A lot of conservatism is based on an inchoate sense that something important about the America of old is being lost. Maybe it's because the government is getting too big, or social values are changing, or the demographics are different, or even a feeling that the country's foreign enemies are ascendant. But conservatives haven't always thought it was morning in America.
Mainstream Republicans have capitalized on these sentiments many times. Party leaders from George W. Bush to Sarah Palin have rallied attitudinal red staters. Trump has just taken this identity appeal to the next level.
But in terms of policy, it isn't just that some conservatives haven't read Hayek. They fundamentally disagree with him. At the grassroots level, the American right has always had strong strains of nationalism and moralism. That's not an inherently bad thing, but the modern conservative movement has generally tried to wed these tendencies to a more limited or even libertarian view of government.
Nationalism and moralism can easily be expressed through strong, activist government as well. The platforms of right-wing parties in Europe and the rest of the world are frequently anything but libertarian, even in the loose sense that Barry Goldwater and Ronald Reagan were.
Trump also understands that many voters across the ideological spectrum aren't looking for a detailed political platform or five-point policy plan as much they want leadership. They want their government, and the people who lead it, to fix things and get things done. They want someone who will fight for them.
All of this annoys conservative intellectuals, who patiently point out to Trump voters that they shouldn't want leadership from someone who supports single payer, or conservative activists, who with increasing impatience try to explain that the right can't be led by a Hillary Clinton/Harry Reid donor.
But certifiably mainstream conservatives, from Andrew Breitbart to Ted Cruz, have employed the fighting terminology long before Trump, with varying degrees of specificity. You knew whom they were fighting — the Left, big government, the establishment, Washington — but they didn't always have the same answer about the ultimate purpose.
Before Reagan, Richard Nixon won two terms in the White House successfully pairing populist, culturally conservative Silent Majority rhetoric with frequently quite liberal policies.
The Donald knows that for many people politics is a team sport. The fans who cheered Brett Favre in Green Bay booed him in Minnesota and vice versa. Trump is trying out for the GOP team and has the marketing experience to sell it. While his pitch may seem crude, with the thrice-married braggart invoking the "great Billy Graham" and calling the Bible his favorite book, but is it that much cruder than the fundraising appeals conservative and Tea Party groups send out daily?

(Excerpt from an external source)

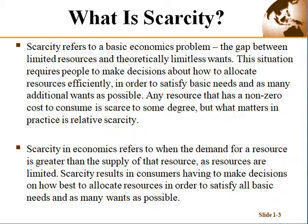In order to satisfy basic needs, decision-making would not be necessary if there were no scarcity. If there is no scarcity, you don't need to take decisions on how to allocate resources. Any resource that has non-zero costs to consume is scarce to some extent, but what matters is actually the relative scarcity.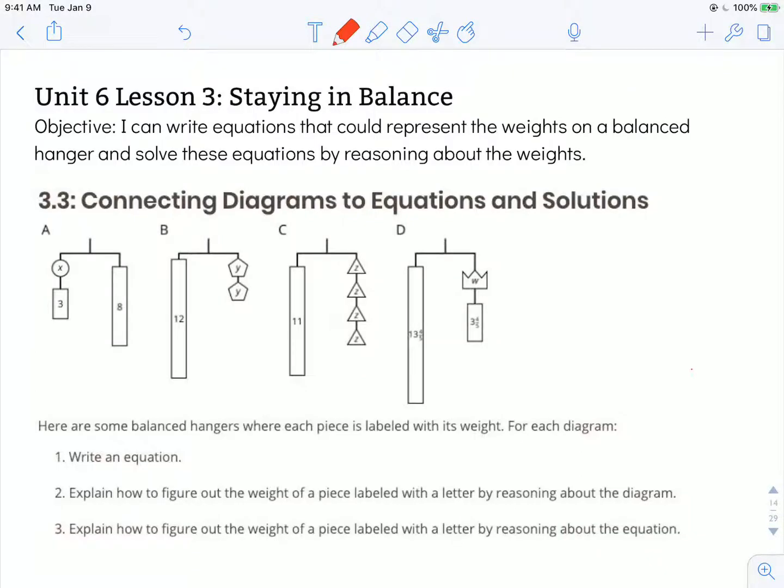Hi, this is Mrs. Nelson. We're looking at Illustrative Math for sixth grade. This is Unit 6, Lesson 3, Staying in Balance.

In retrospect, Trump's 2013 appearance at Graham's 95th birthday celebration in North Carolina might have been the biggest tip-off that he was serious about running for president.
When Trump came on professional wrestling broadcasts and trash-talked Vince McMahon, the crowd loved it. He is simply applying the same approach to Jorge Ramos, Jeb Bush and Hillary Clinton. The crowd still loves it.

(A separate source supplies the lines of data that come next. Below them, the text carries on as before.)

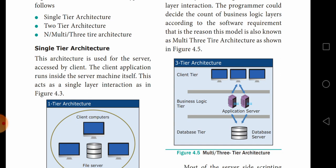So there are three types of client-server architecture model: one is single tier, another is two tier, and another is three tier or n-tier or multi-tier. Have you all understood, children? Thank you.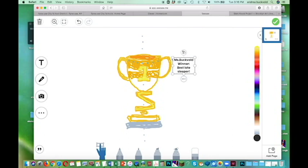You get to give yourself a trophy for something amazing that you are doing right now, and it doesn't have to be a crazy great thing, it can be whatever, like being a late sleeper. I look forward to seeing all your trophies. Keep up the good work.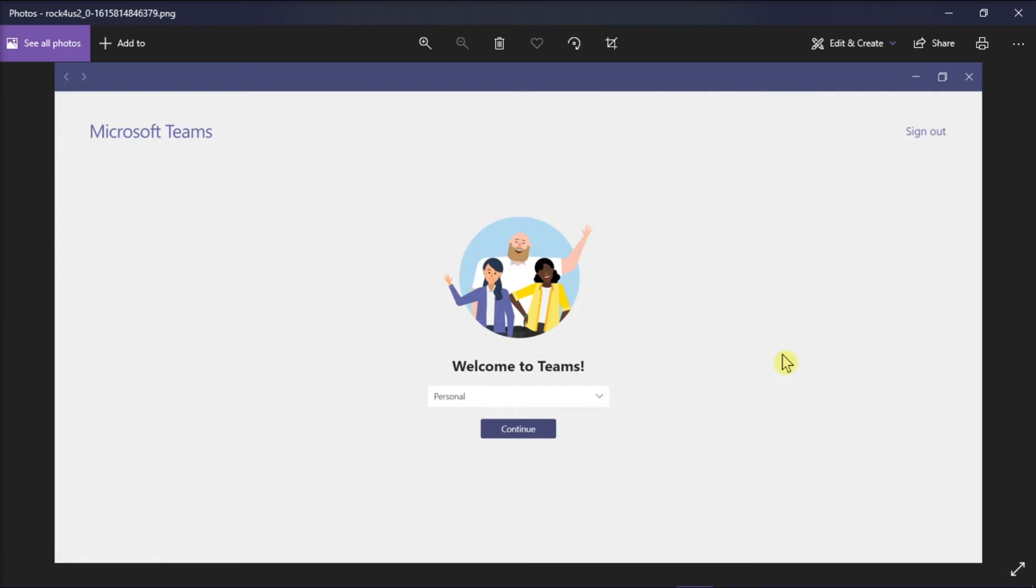Now in fixing the issue, what you need to do is click the sign out option at the top right corner.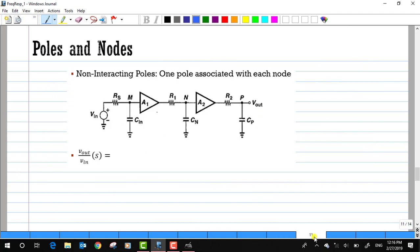Looking back at poles and nodes: the poles across the circuit are non-interactive. I want you to compute the poles and the corresponding transfer function between Vout and Vin. How many poles do we have? Three, because there are three capacitors and each has a corresponding finite resistance. Let me label the pole at node M as omega M, at node N as omega N, and at node P as omega P.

Finally, as somebody whose success comes as much from his fame as his real estate fortune, Trump gets the celebrity culture. Americans are obsessed with it and reality TV has blurred the lines between entertainment and, well, reality.

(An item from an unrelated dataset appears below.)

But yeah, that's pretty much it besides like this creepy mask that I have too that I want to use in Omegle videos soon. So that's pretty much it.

The citizenry's desire to keep up with the Kardashians and its anger at the political class has proved a potent combination. Many Americans think the people running their government are jokes, self-promoting blowhards with bad, expensive haircuts engaged in pointless political theater.
Why not have a candidate who will:
A.) Pick up issues with significant political appeal that the establishment in both parties won't touch
B.) Treat the system like the joke that it is and
C.) Lampoon the bad-haired self-promoters just by existing?
Trump may be a blowhard, the reasoning goes, but at least he's our blowhard.
This act is probably less sustainable than the entitlements Trump doesn't want to reform, but for a limited time it can be just as popular with its intended audience. The know-nothing may know a thing or two after all.

The GOP Field That Failed

The Politico Magazine ^ | August 26, 2015 | Rich Lowry, editor, The National Review 

The rise of Donald Trump is, in part, a function of a vacuum.
He is thriving in a Republican field that is large, talented and, so far, underwhelming. There’s 17 candidates and nothing on. Except Donald Trump.
Now, this has much to do with the media, and with Trump’s unique qualities as a showman. He has the advantage of not caring, about anything apparently — the facts, his reputation, or, ultimately, winning the presidency. In consequence, he is a free man.
The Jorge Ramos incident was Trump in microcosm. He did what no other Republican politician could get away with (having a security guy manhandle a Latino reporter) and displayed a cavalier disregard for reality by denying he was having Ramos removed, even as he had him removed. But the episode was mesmerizing, and Trump — in his madcap way — was commanding in how he handled it.
If any other candidate had done that or something similar, it would have been a signature event of his campaign, but for Trump it was just another day on the trail, to be eclipsed by some other memorable event tomorrow.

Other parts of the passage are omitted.